Inside the Sixers: Adjustments to starting lineup jump-starting the 76ers

Sixers guard Nick Young is averaging 17.8 points in his four starts. The 76ers won three of those games.
Sixers guard Nick Young is averaging 17.8 points in his four starts. The 76ers won three of those games. (MICHAEL PEREZ / Associated Press)
Posted: February 04, 2013

Give the 76ers coaches credit: The starting lineup was broken and it appears they may have taken the proper steps to fix it.

Following the team's eighth loss in 10 games, coach Doug Collins stood in a hallway of the BMO Bradley Center in Milwaukee on Jan. 22 and bemoaned yet another lethargic start. There was no recovering from a beginning that saw the 76ers make just two of their first 16 field goal tries.

Collins has come to refer to playing with this type of self-imposed handicap as "playing uphill." The Sixers were digging holes from which a herculean effort would be required just to get back in the game.
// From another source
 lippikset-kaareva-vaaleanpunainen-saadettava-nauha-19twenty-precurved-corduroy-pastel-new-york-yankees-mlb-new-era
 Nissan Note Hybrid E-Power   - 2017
Collins recognized - and it is almost impossible to disagree with him - that the Sixers' two biggest problems have been horrendously slow starts and an inability to get to the free-throw line.
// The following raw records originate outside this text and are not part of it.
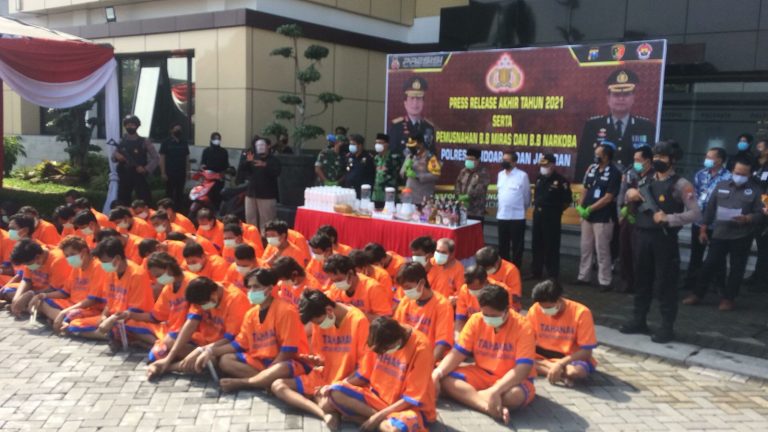 Barang Bukti Narkhoba dan Ribuan Miras Dimusnahkan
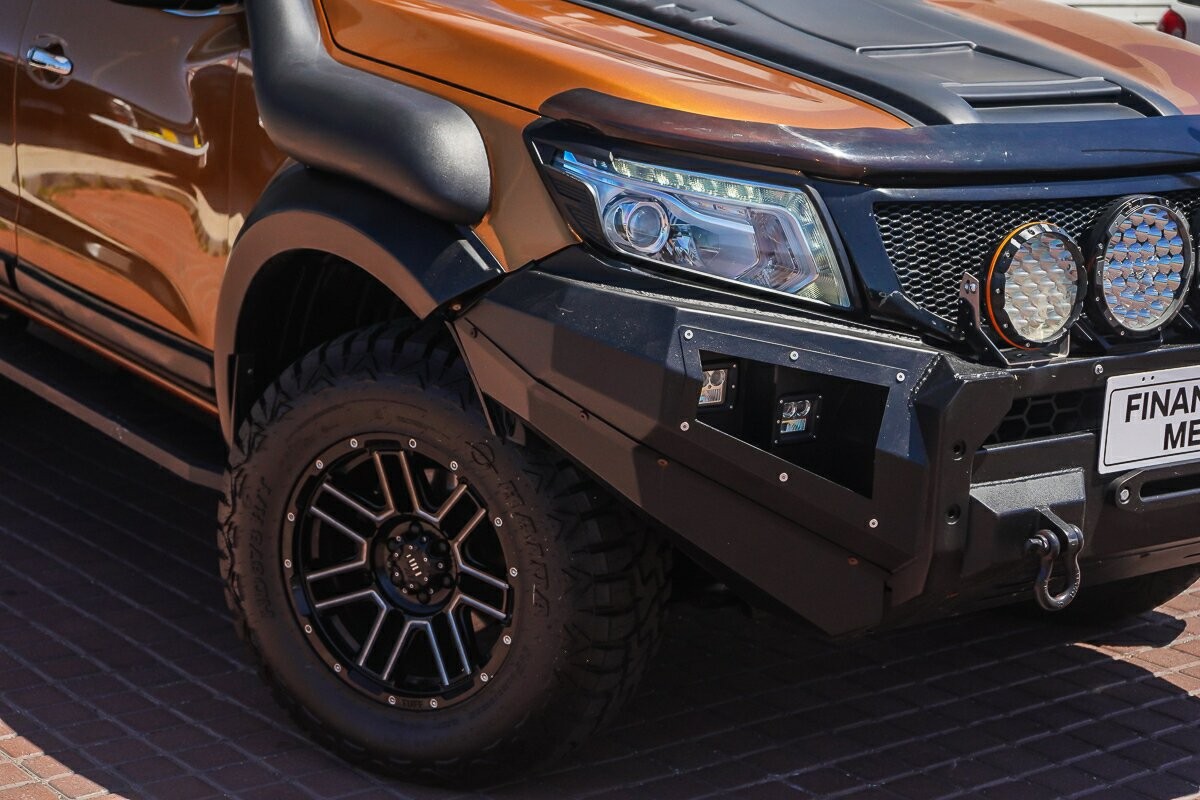 Nissan Navara image 2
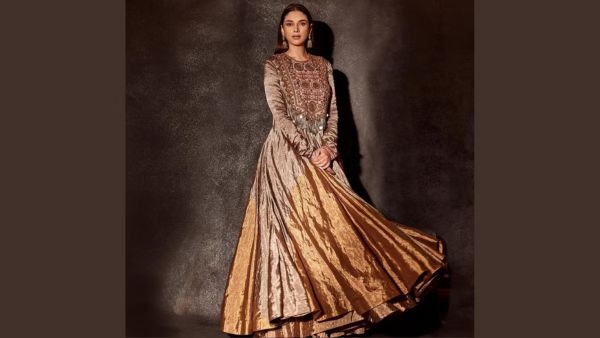 Stunning Outfits Guide For Eid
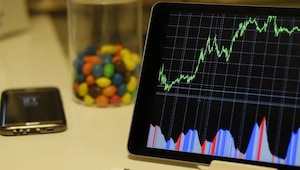 Bottomline | Rationalism, after the hope trade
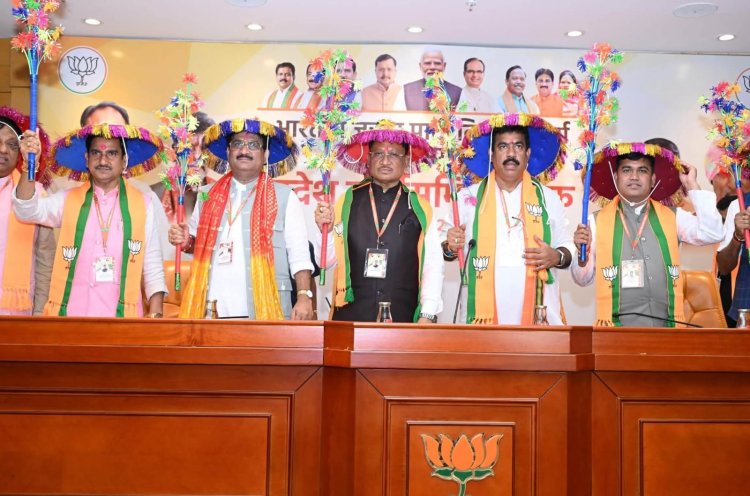 किसान मोर्चा की बैठक संपन्न : किसानों को अधिक सुविधा उपलब्ध कराने प्रदेश में 354 नए धान खरीदी केंद्र खोले जाएंगे, भाजपा किसान मोर्चा की प्रदेश कार्यसमिति की बैठक में किसानों के हित व संगठन विस्तार पर हुआ मंथन*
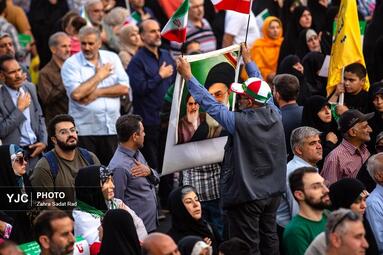 تجمع مردمی در میدان انقلاب اسلامی برای حمایت و قدردانی از نیروهای مسلح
Fixing the free-throw problem is a topic for another day - it is more about mind-set and the willingness to attack the rim (think Allen Iverson and James Harden). But getting out to better starts is directly related to putting the right players on the floor at the right time.
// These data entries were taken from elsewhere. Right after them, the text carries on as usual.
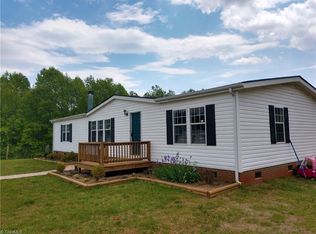 279 Cedar Lake Trl, Mount Airy, NC 27030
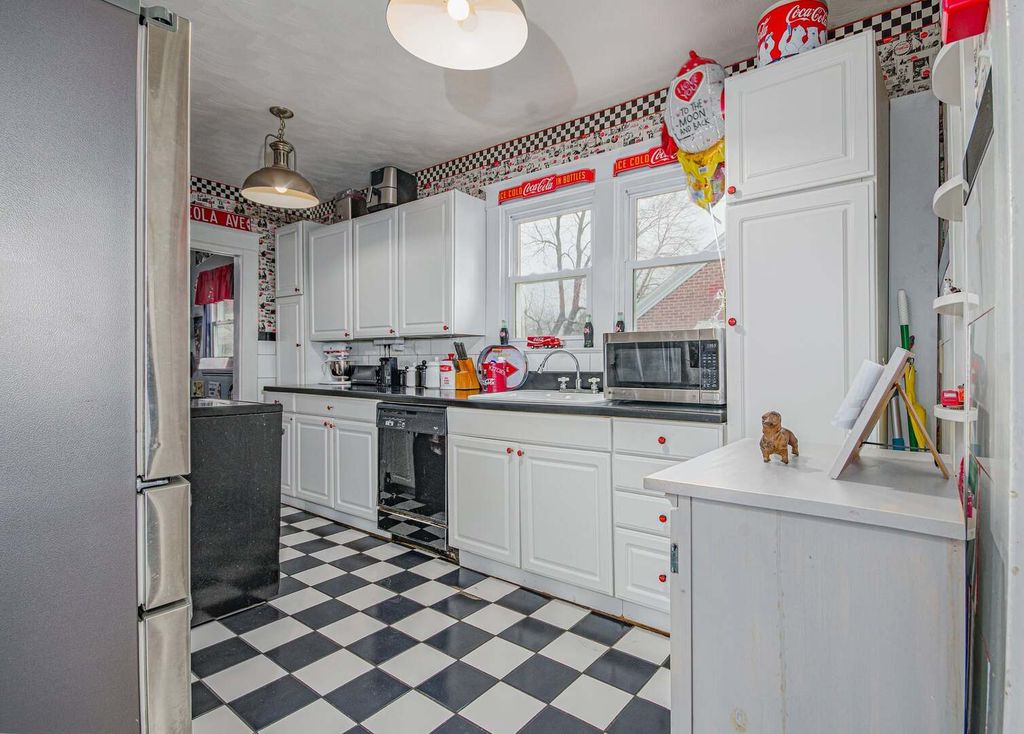 Image 6 of property listing at 433 E Main Street, Salem, IL 62881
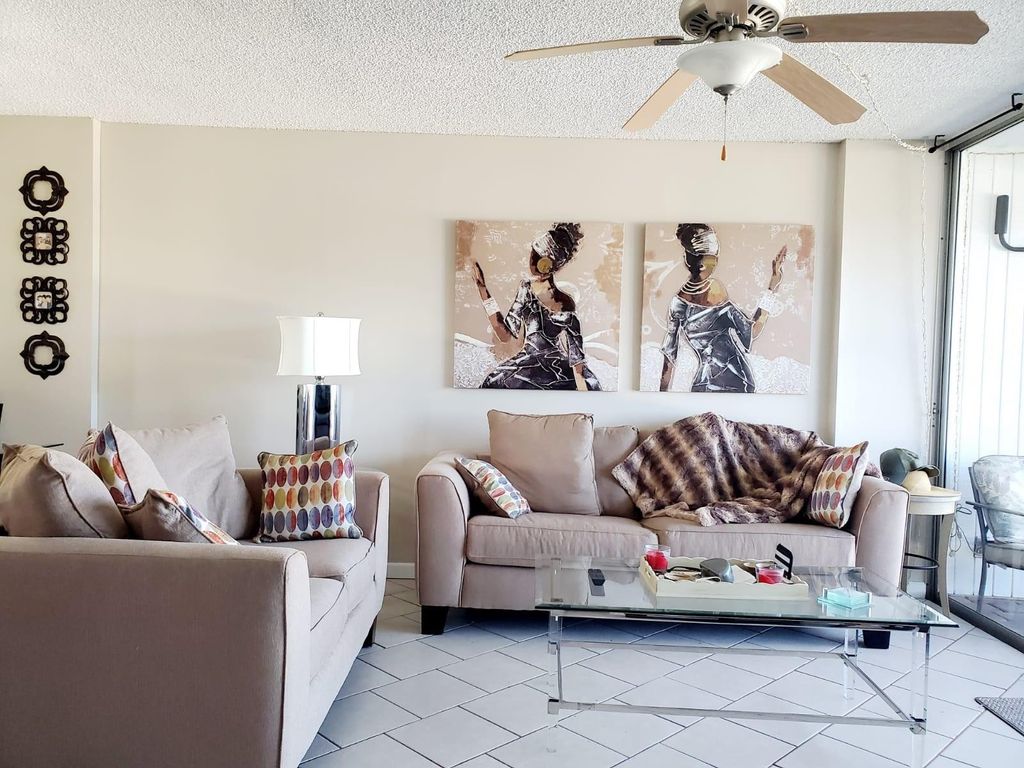 Photo of 120 Royal Park Drive #B4, Oakland Park, FL 33309 (MLS # F10541376)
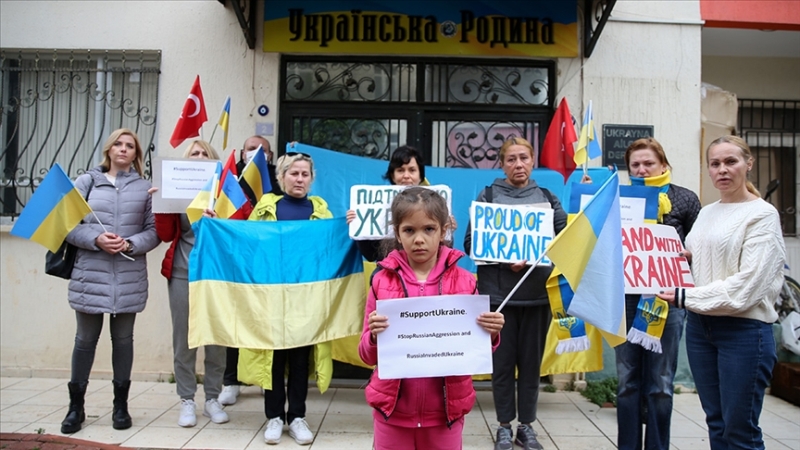 Antalya’da yaşayan Rus ve Ukraynalılardan barış çağrısı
And it appears that the insertion of Nick Young and Spencer Hawes, who figured to be key bench components, is the right move at the right time.

As they went more than two months without winning back-to-back games, from Nov. 30 to Feb. 1, the Sixers went 6-19. During that 27-game stretch, the Sixers led after the first quarter just six times and were tied just once heading into the second quarter. It was the same story at halftime: The Sixers led just six times at the break and were tied just once.

Collins went to Young and Hawes as starters in place of Jason Richardson (out the last six games with a knee injury) and Lavoy Allen in the last week, and the results have been promising.

In winning three of their last four games, the Sixers have led at the end of the first quarter and first half in all but one. In their loss to Memphis they blew a 17-point first-quarter lead because of shaky defense and a surreal shooting performance by the Grizzlies, who made 14 of 18 shots and scored 37 points in the second quarter.

Young scored 20 off the bench in that loss. But more important, his short memory - he shrugged off a benching and has averaged 17.8 points in four starts - has enabled the Sixers to be much more aggressive offensively at the start of games.

This situation will bear watching in the coming days, especially when Richardson returns. While Richardson, 32, has battled nagging injuries all season, it's hard to argue that at this stage in their careers Young is not a better fit in the starting lineup.

Richardson has started 827 of a possible 832 career games, and starting is all he knows.

But just as Collins has been forced to adjust to his new players, his new players might have to make adjustments as well if this team is going to have success.